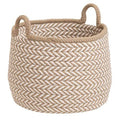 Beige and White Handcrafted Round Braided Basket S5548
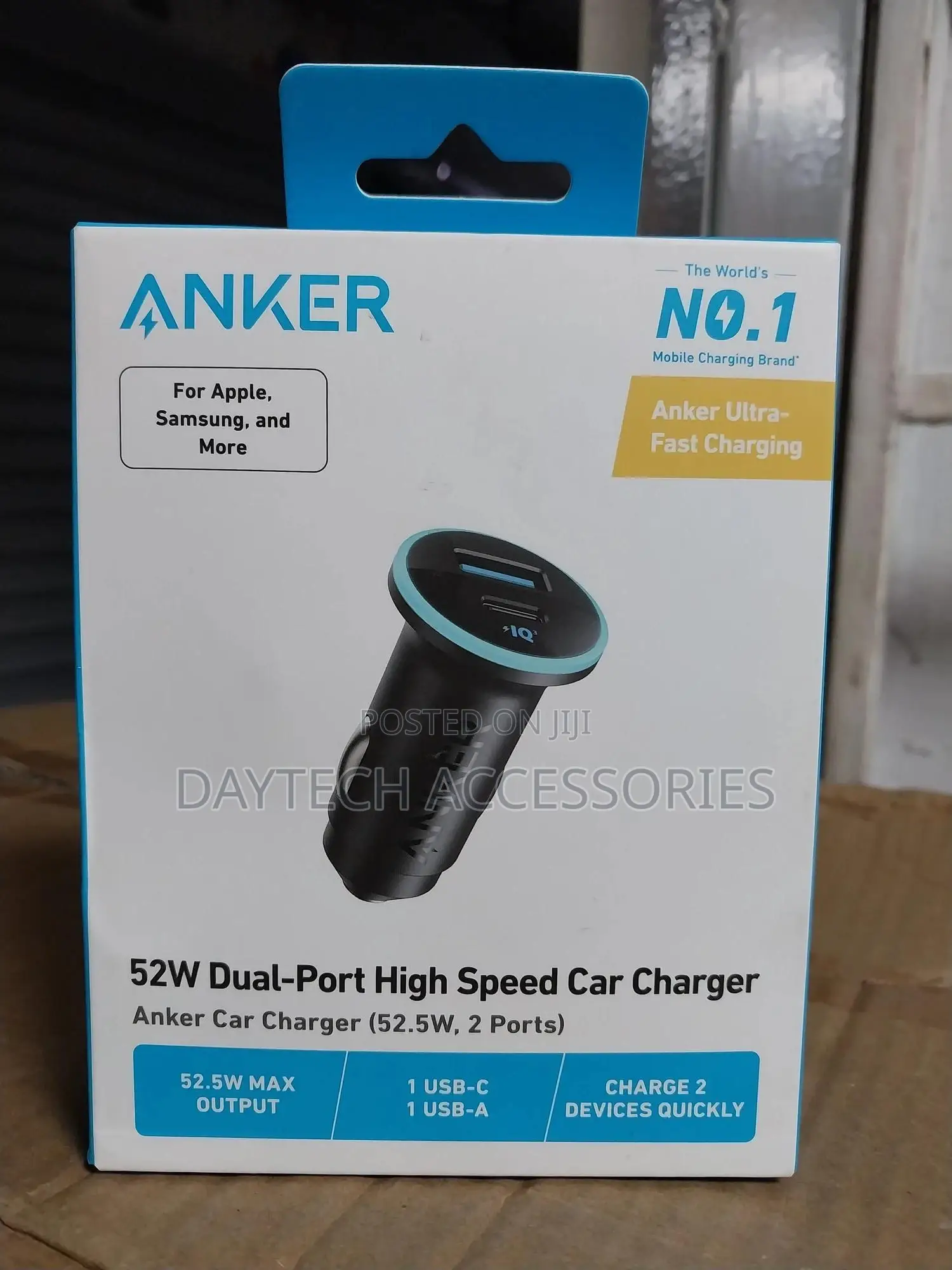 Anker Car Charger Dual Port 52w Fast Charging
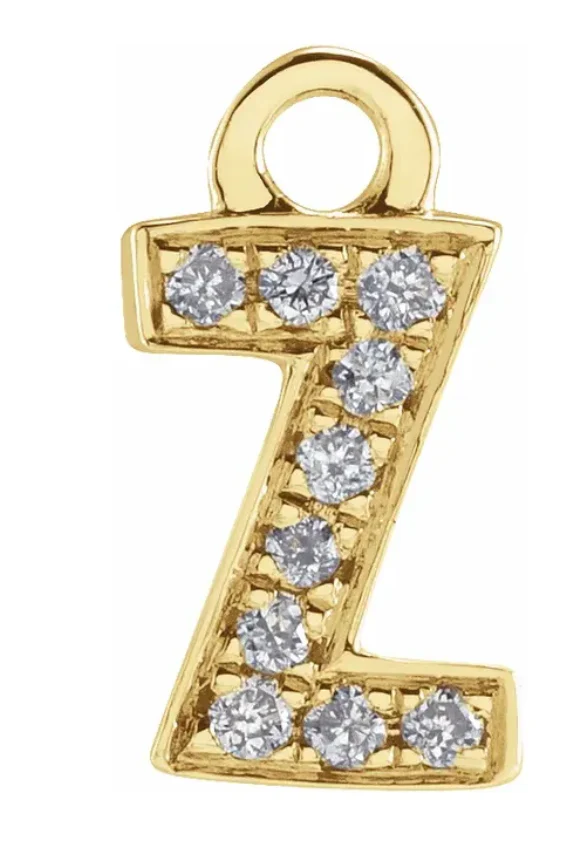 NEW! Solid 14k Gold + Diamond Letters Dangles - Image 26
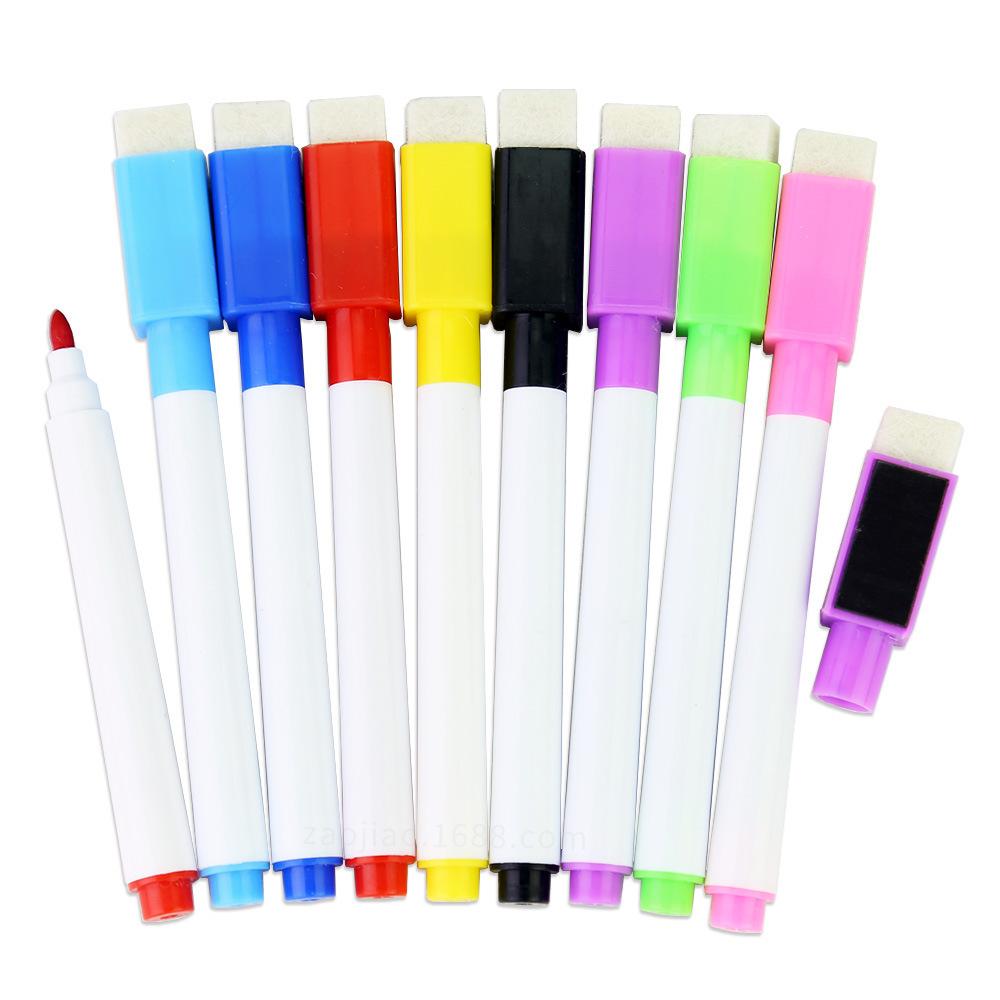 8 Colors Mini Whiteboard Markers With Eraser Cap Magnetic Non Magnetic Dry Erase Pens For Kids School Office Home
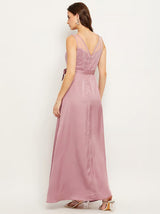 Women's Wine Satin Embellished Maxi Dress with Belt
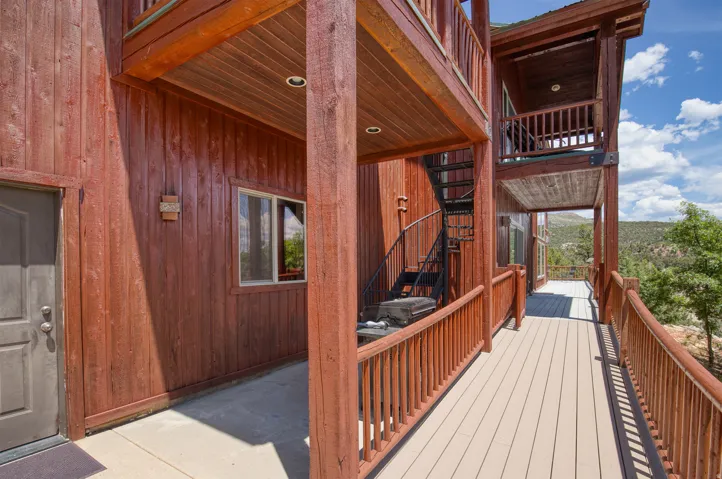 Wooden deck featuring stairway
-----
Excluding all images, transcribe the material word for word.

# ANSWER TO THIS PROBLEM:
 Beige and White Handcrafted Round Braided Basket S5548
 Anker Car Charger Dual Port 52w Fast Charging
 NEW! Solid 14k Gold + Diamond Letters Dangles - Image 26
 8 Colors Mini Whiteboard Markers With Eraser Cap Magnetic Non Magnetic Dry Erase Pens For Kids School Office Home
 Women's Wine Satin Embellished Maxi Dress with Belt
 Wooden deck featuring stairway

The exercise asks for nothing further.